I wanted to try Shokunin since it opened, but all posts on Yelp and Zomato saying the food was too expensive deterred me. Shokunin uses only the best and freshest ingredients. Even the charcoal used for the yakitori is flown in from Japan. Pretty much no expense is spared to create these dishes. I understand these things cost money. Heck, when I go to Superstore and Coop, I notice how expensive food is and that stuff ain’t organic or shipped from Japan. However, as I follow Shokunin on Twitter and Instagram, I noticed the menu prices have decreased.
My husband won another award so I told him I was taking him out to celebrate at Shokunin. I requested a table away from the action by the open concept kitchen and bar. A little privacy was needed for this occasion.
The restaurant was happening and bustling with good energy on Friday evening. The interior of the restaurant is awesome. I loved how the sunlight filtering in the front of the room interplayed with the darkness from the back of the room. We sat in a corner, facing the vibrant Japanese murals.
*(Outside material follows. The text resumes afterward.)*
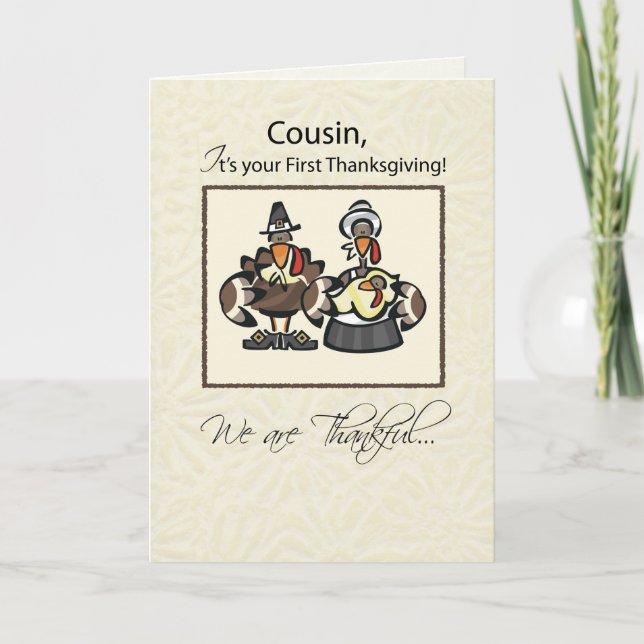 Cartes Pour Fêtes Annuelles Cousin Première famille de Turquie d'action de grâ (Devant)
Kudos to Moto, who I think may be the manager or front person at Shokunin. I swear L and I both know him for somewhere, but I am not sure where. His delightfully cheery demeanour was contagious and added to the good vibes that night.
I never enjoyed sake until I tried it at Shokunin. When I drank sake before I would hold my breath. The sake served here is amazing. Smooth, mellow, with sweet melon notes. Delightful and not cheap. A three ounce glass set me back $14. Nice for a special occasion. I ordered a glass of Fukucho Sparkling and then a glass of Kuheiji Hitto ($14.00). My favourite was the latter. L picked a bottle of Asahi ($7.00) as the bar sold out of the speciality beer that Big Rock and Shokunin developed together.
Our yakitori picks included: chicken heart ($2.50), chicken liver ($2.50), chicken breast ($3.00), chicken thigh ($3.00), and Pope’s Nose (aka chicken ass, $4.00). Our favourite was the chicken thigh, as it had the most distinct taste of the charcoal. The breast was the least flavourful of all the cuts, but it’s to be expected, white meat and all. Chicken ass was crunchy and fatty. The heart was pretty tasty, I would order it again. If I was looking to get full, I’d stick to the chicken thighs, which were meaty.
We shared a bowl of rice ($3.00). This was a good size bowl, but most importantly, it was perfectly cooked. Grains were sticky but firm, with a bit of a chew to it. L enjoyed the seasoning sprinkled on top of the rice. Next time, I’m getting my own bowl.
The chicken karaage ($11) was the best fried chicken I’ve ever eaten in my life. L doesn’t normally like fried chicken, but he ate more than I did. The batter was light and really crunchy, shattering when I bit into the juicy, hot chicken pieces. I could eat just this and a bowl of rice and be the happiest fei po in the world.
L went nuts over the potato salad ($8.00). The potatoes were beautifully stacked and layered with a tart, pickled vegetable, green onions, and dandelion leaves. Served cold, nicely seasoned, the potato salad was simple and refreshing.
How much was all this superb food? $61 bucks. Drinks set me back $35.00. We left super full and happy. I like that we could stop by for a snack of yakitori and beer, or go all out with the omakase ($65 per person, sake pairing add $40). L has a big day coming up late 2016, and I’m already planning on treating him to Shokunin’s omakase.
If you haven’t already, check this place out. If you have and didn’t have the experience I did, give it another try during happy hour (Monday to Friday from 3:00 pm – 5:00 pm) for some excellent and inexpensive booze and yakitori. Note that after 5:00 pm, you can park for FREE in Shokunin’s parking lot. Spend that $4.00 you saved on chicken ass, it is mighty tasty.